Captain Coulomb stepped forward with a contingent of elite warriors in blood red armour. Human blood, as the Cacwm didn't technically have any. "[Beam me down. I'll see to this personally.]" She saluted as she was demolecularised. "[For the Queen!]"
"[Finally,]" growled Langmuir. "[This is a Queendamned hive fuck. Ensign, visual on Captain Coulomb and her squad.]"
"[Uh, that's a negative sir.]"
"[What? Consider yourself launched into space.]" He pointed at another ensign. "[You! You're in charge of observation and targeting. Get me a visual on Coulomb and then launch your predecessor into space.]"
"[Captain Coulomb is dead sir,]" insisted the first ensign. "[The human flying kicked her in the Hrugthnax and her brain sac ruptured.]"

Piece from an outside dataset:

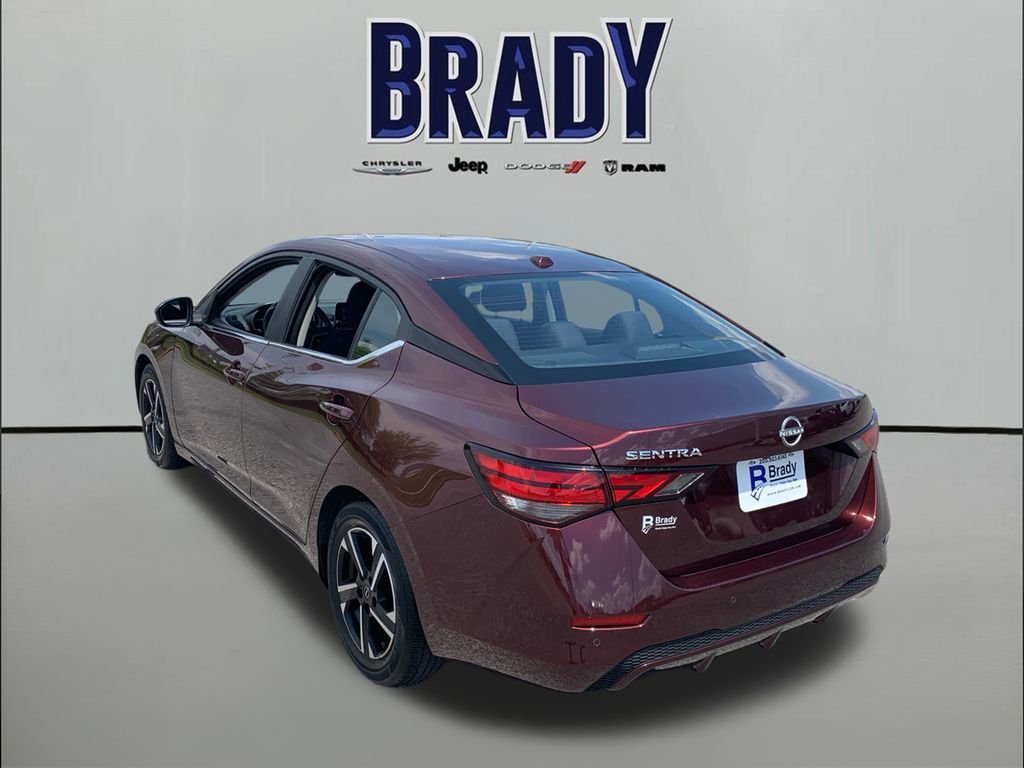 Used 2025 Red Nissan SV image 5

Everyone on the bridge grimaced.
"[And her squad?]"
"[K.I.A.]"
"[This is ridiculous. I'm getting a headache, I need to sit down.]"
"[Sir, you already are sitting down.]"
"[I'll do what I tell you to do. Urgh, I feel super weird.]"

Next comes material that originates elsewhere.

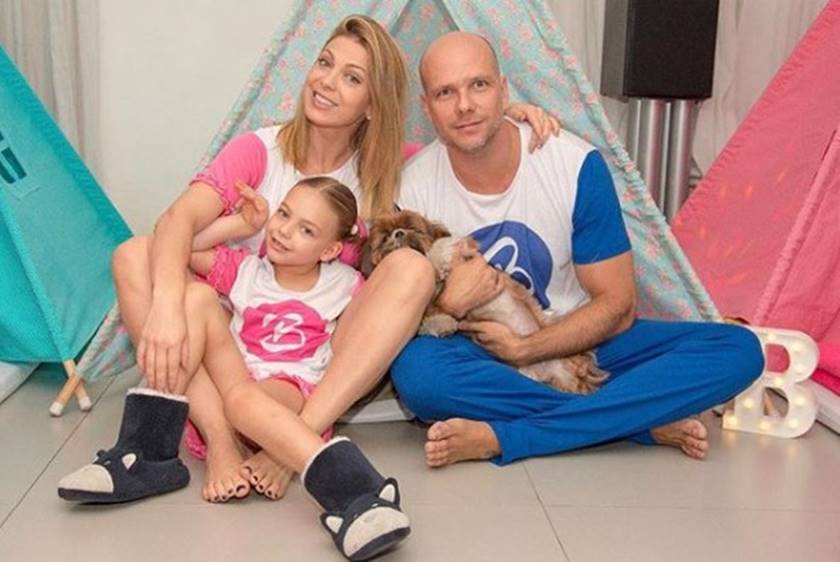 SHEILA MELLO SURGE COM EX-MARIDO EM FOTO E TOMA DECISÃO NA WEB - News Rondônia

So did the rest of the crew. This was because they'd been drugged. Some of them lay down, some of them fell over, and some of them began singing or making out with each other. It was extra gross because they were transparent and had mandibles and stuff.

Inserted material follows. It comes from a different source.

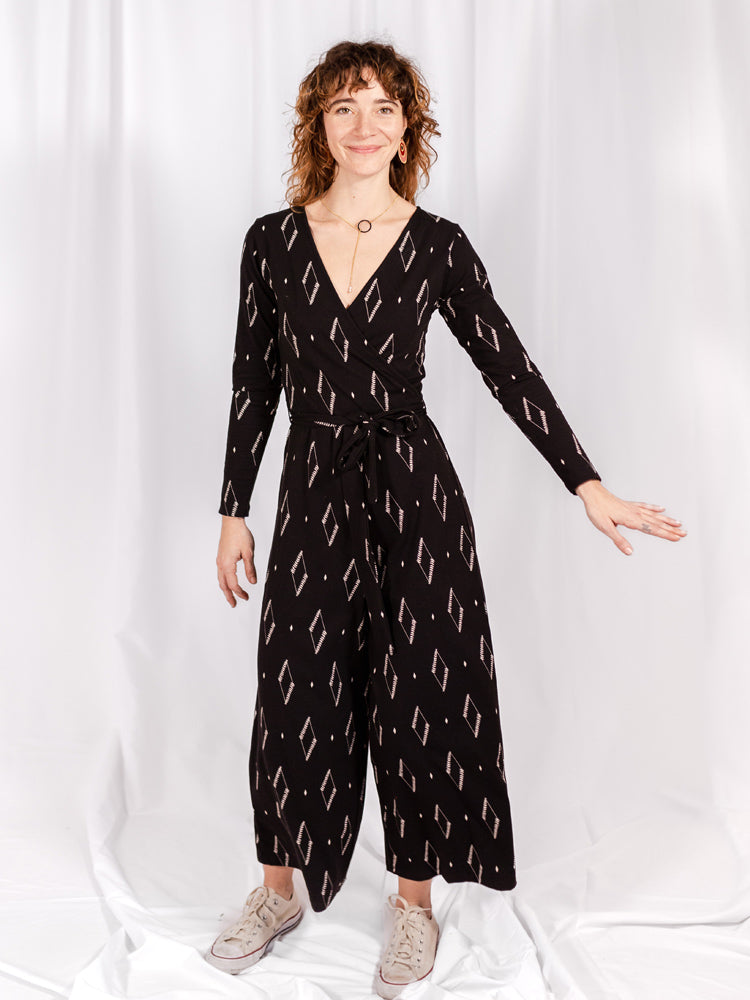 Rita Long Sleeve Jumpsuit - Diamond Vine Black - Image 5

General Langmuir became very maudlin and introspective.
"[Y'ever really looked at this chair?]" he asked nobody in particular, swivelling around listlessly. "[It's just like, a chair. It's not even comfy.]"
He slid to the floor, but didn't seem to notice. "[It all made so much more sense when the queen was telling me what to do.]"
"[Blow up the planet!]" shouted someone.
Langmuir's eyes lit up. "[My liege!]" he said, standing suddenly to attention. "[You heard the lady! Crash this boat into the planet! This is a suicide mission!]"
"[Why?]" asked somebody.
"[It's a suicide mission!]" screamed the General. "[Navigation! Point this spacebird at the bluey greeny thing and put the hammer down! For the Queeeeen!]"
"[Punch it!]" said the n
avigation officer, and pressed the hyperdrive button with his face.
Dirk Strauss watched from a rooftop as the mothership nosedived into the sea. He was wearing a gasmask. A pixie emerged from the ship's vents and returned to the glass jar Strauss was holding. "Good job, buddy," he said as he screwed the lid back on.
DIRK STRAUSS: GOD SLAYER
God descended from heaven, trembling with fury at the death of his son.
"What the fuck is all this," he said.
Flying saucers were hovering menacingly over various landmarks and capital cities. "Whoa whoa whoa," said God. "How did you guys get way the fuck over here? I created you billions of lightyears apart for a fucking reason." He pointed toward Andromeda. "Go to your goddamn planet. Stay away from my stuff."
The invasion fleet obediently left.
"Now," he said, turning back to humankind. "Who killed my son? And where have all my fucking trees gone? I look away for two millennia and the place is a shit hole." He started ripping up skyscrapers and muttering to himself. "No no no, this won't do at all."
Agent Strauss watched everything unfold from a rooftop across the city. He lowered his binoculars and spoke into his transceiver. "Enola Clay this is Strauss, the targets have retreated. Copy?"
"Copy that Strauss, should I return to base?"
"Negative, Stay on course, you'll know the target when you see it. Looks like Hulk Hogan with Santa Claus' head. About two miles tall, you can't miss him."
"Roger."
There was a distant sonic boom. Agent Strauss watched God stomp around rearranging the park and calling bizarre creatures into existence, saying things like 'that's better' as they ran around eating people. The stealth bomber roared overhead. Strauss smiled as, reflected in his binoculars, it loosed its payload. He pulled a small device from his jacket pocket. It only had one button.
The golem thudded into the pavement. God didn't pay it any attention and continued ripping pipes and wires from underground, going "What the hell is this" and inspecting subway carriages in minute detail.
The golem refashioned its malleable body so that it had lungs, and took a deep breath. It made a sound like the rumble of thunder. God stopped what he was doing and peered down at the homunculus. It began to speak.